A prime sponsor of one of these bills, Senator Jay Rockefeller, is not concerned that his legislation, S. 565, would destroy, in his own state of West Virginia, the existing rights that people have in four key sectors of law-and-order for wrongdoers.

West Virginia allows punitive damages without arbitrary caps, strict product seller liability, joint and several liability and no cut off date when a defective product manufacturer becomes immune to suit. The Rockefeller bill would seriously weaken these rights.

In a rare public pronouncement, the Conference of Chief Justices of the state Supreme Courts testified against a federal takeover before the Senate Commerce Committee. So did the conference of state legislators. The sum of their arguments: there is no demonstrated need for such a takeover, enormous interpretive complexity and costs will be placed on the state courts, and our system of federalism leaves such laws to the states to shape and implement.

What is astonishingly brazen about this proposed federal dictate is that the orders to the state courts not only favor defendants against injured plaintiffs, over and over again; but they also tell the state judges what they must do procedurally in several key areas.

There is something called the 10th amendment to our Constitution which reads: “The powers not delegated to the United States by the Constitution, nor prohibited by it to the States, are reserved to the States respectively, or to the people.”

The States have strong and legitimate interests in setting the rules for judging dangerous products in their courts. They have even more vital interest in controlling the way in which cases are tried in their own court systems.

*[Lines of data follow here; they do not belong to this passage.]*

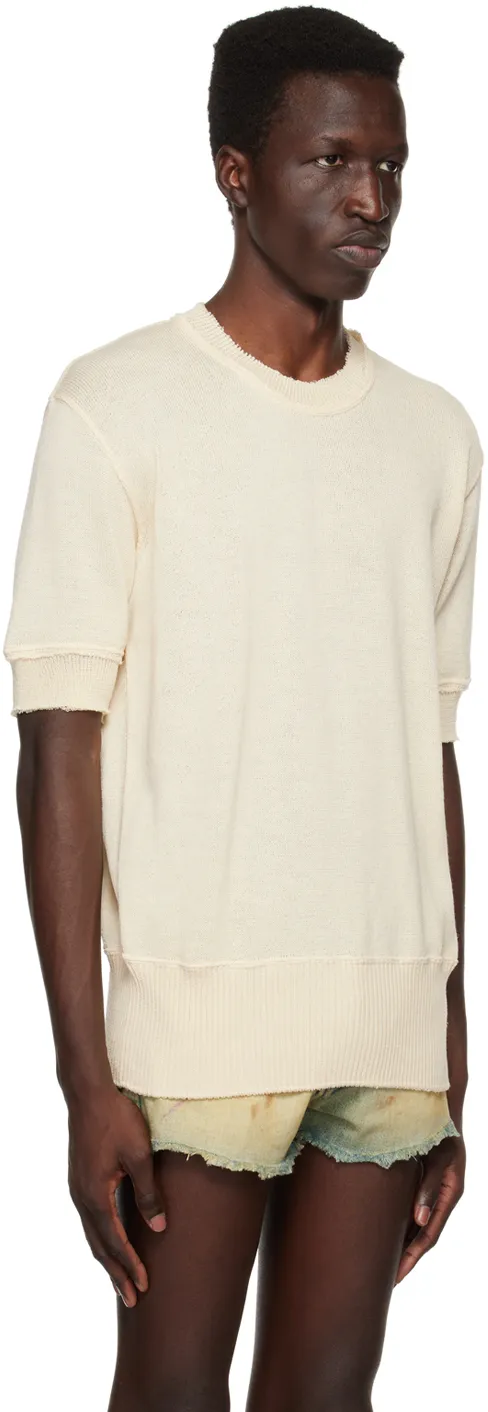 Ribbed Hem Shirt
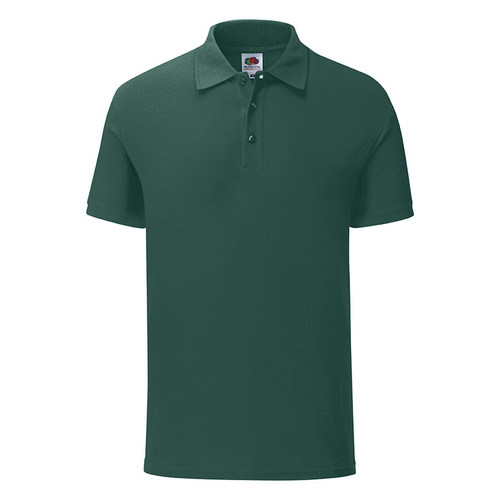 ICONIC POLO ID1758 Forest  ΠΡΑΣΙΝΟ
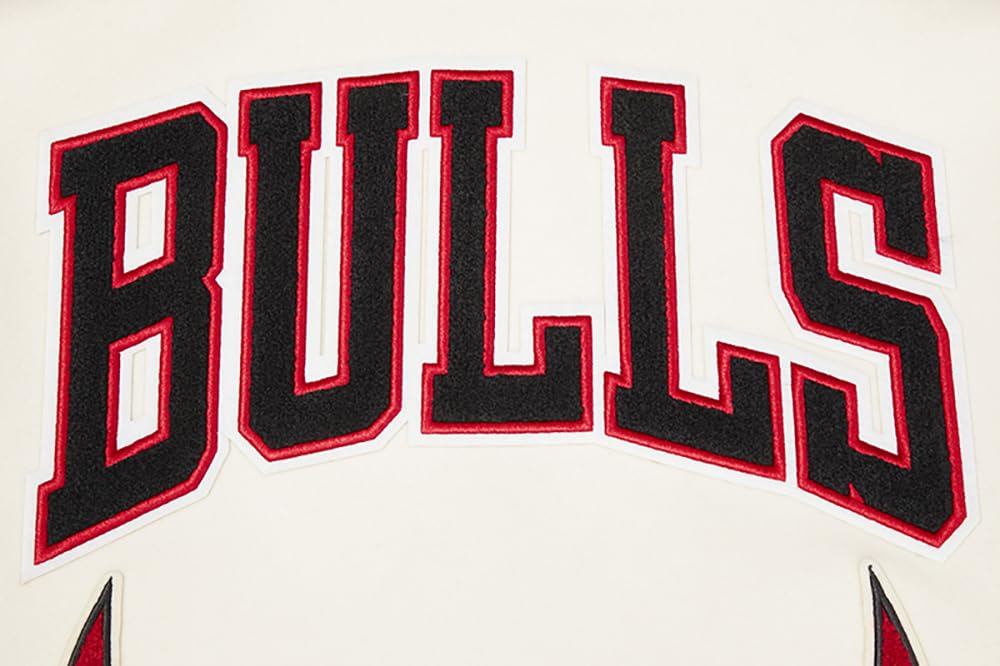 Pro Standard Herren NBA Retro Classics M Rib Wool Varsity Jacket Jacke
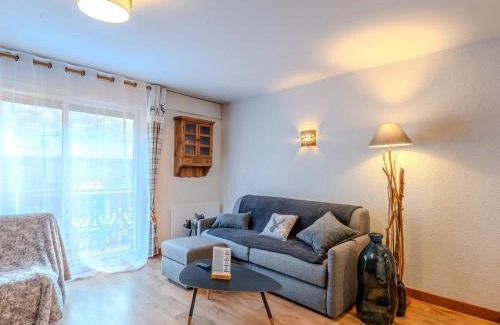 Morzine Apartamento | Studio-cabine rénové en centre, 200m des pistes, pour 4 personnes - Morzine - FR-1-754-49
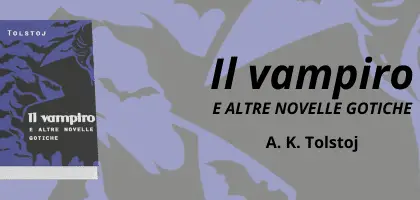 Il vampiro e altre novelle gotiche - Copertina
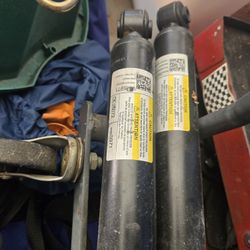 Brand-new Shocks 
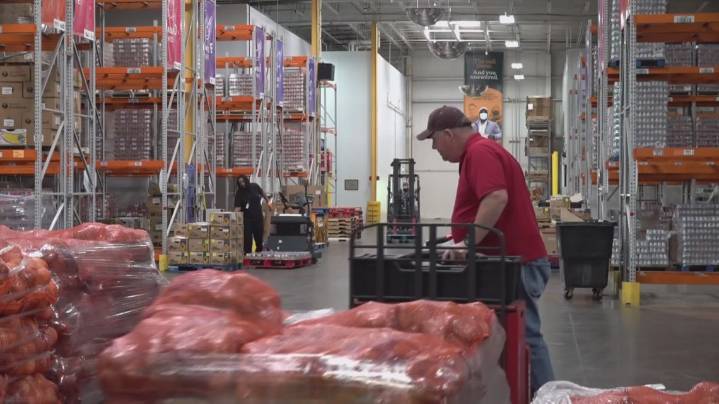 DeWine provides timeline for Ohio’s $25M in food assistance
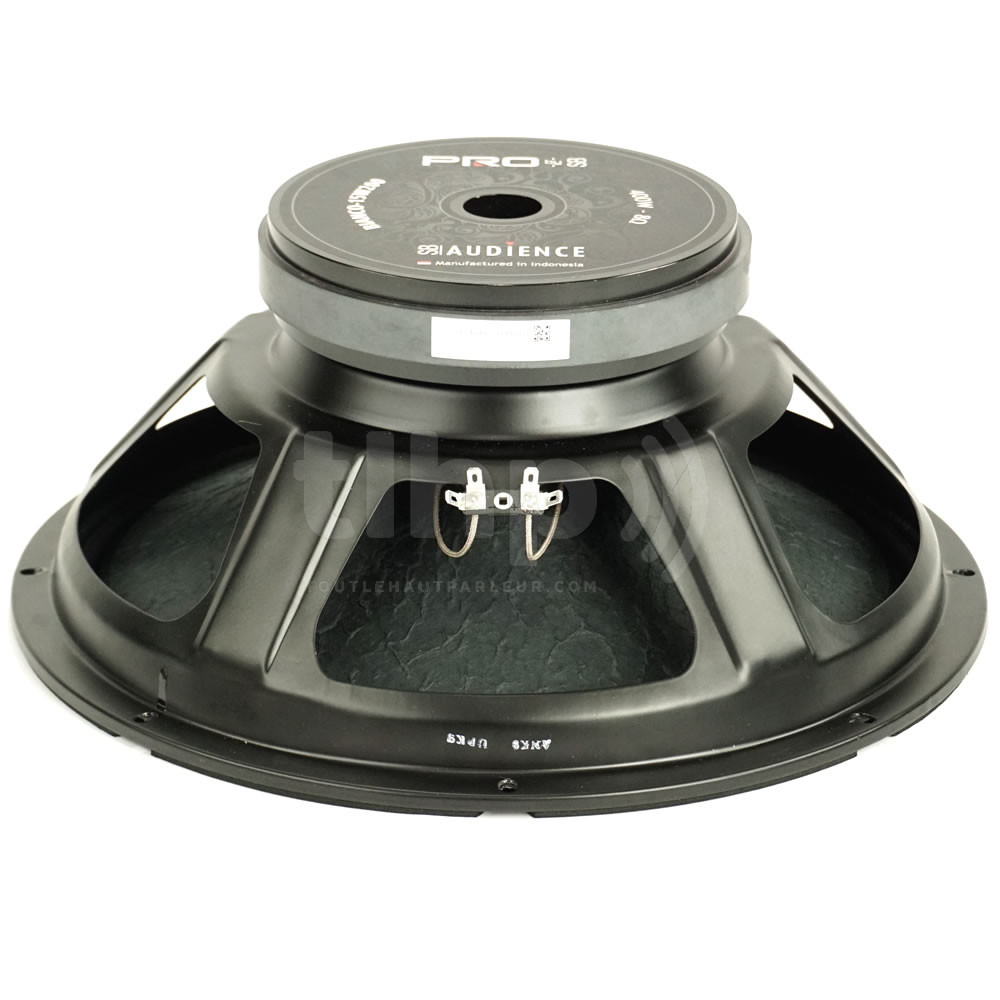 sanabonbonページ Speaker SB Audience BIANCO-15W200, 8 ohm, 15 inch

When it comes to safety engineering standards for motor vehicle brakes or other consumer products, it makes sense to have one national standard. But when it comes to adjudicating disputes in court under what has always been state law and procedure, Congress should stick to its knitting.

Senator Byrd has shown repeatedly what is properly the function of Congress and what is properly the function of the Presidency. Now he can teach the Senate what is properly the role of the States and what improprieties the Senate would do well to avoid. The invalidation of hundreds of wise state judicial decisions, state statutes and even provisions of several state constitutions, affecting the rights of the wrongfully injured, was contained in the madness that the House of Representatives passed last month. The Senate should know better.